More than two years on, the political tensions have only intensified. The pro-Thaksin United Front for Democracy against Dictatorship (UDD) organised mass protests in April and May last year, mobilising tens of thousands of rural supporters and urban poor to demand new elections. The military bloodily suppressed the “red shirt” demonstrations on May 19 and the UDD leadership called off mass action.
Abhisit had calculated that the UDD demobilisation following the army’s crackdown, combined with the welfare measures he has promised to Thaksin supporters and the state of the economy would ensure he won an early election.
He had not counted, however, on the opening up of a rift between his government and the PAD nationalist elements. At a rally over the border clashes, PAD leaders, including Sondhi and General Chamlong Srimuang, called for the resignation of the Abhisit government for its failure to resolve the dispute with Cambodia in Thailand’s favour.

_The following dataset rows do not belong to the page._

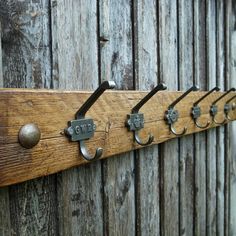 a wooden coat rack with five hooks on it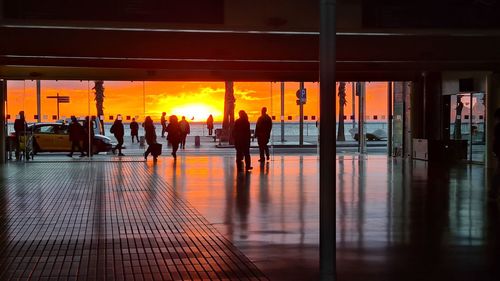 Silhouette people walking in city during sunset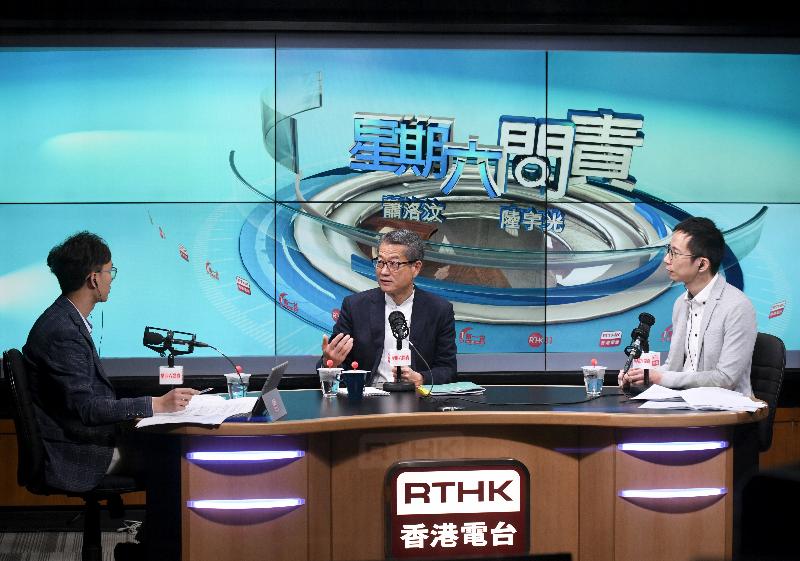 The Financial Secretary, Mr Paul Chan (centre), attends Radio Television Hong Kong's programme "Accountability" this morning (March 9) to answer questions on the 2019-20 Budget.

Yesterday, with PAD supporters threatening to blockade major roads throughout Bangkok and disrupt parliament, Abhisit’s cabinet invoked the Internal Security Act in seven districts of the city until February 23. The ISA gives police extraordinary arrest powers. According to the Bangkok Post, 50 companies of riot police have been deployed to suppress PAD activities.
With new instability in the streets of the Thai capital, Abhisit is less likely to proceed with an April election, giving the military establishment time to plot how to prevent any prospect of another pro-Thaksin victory.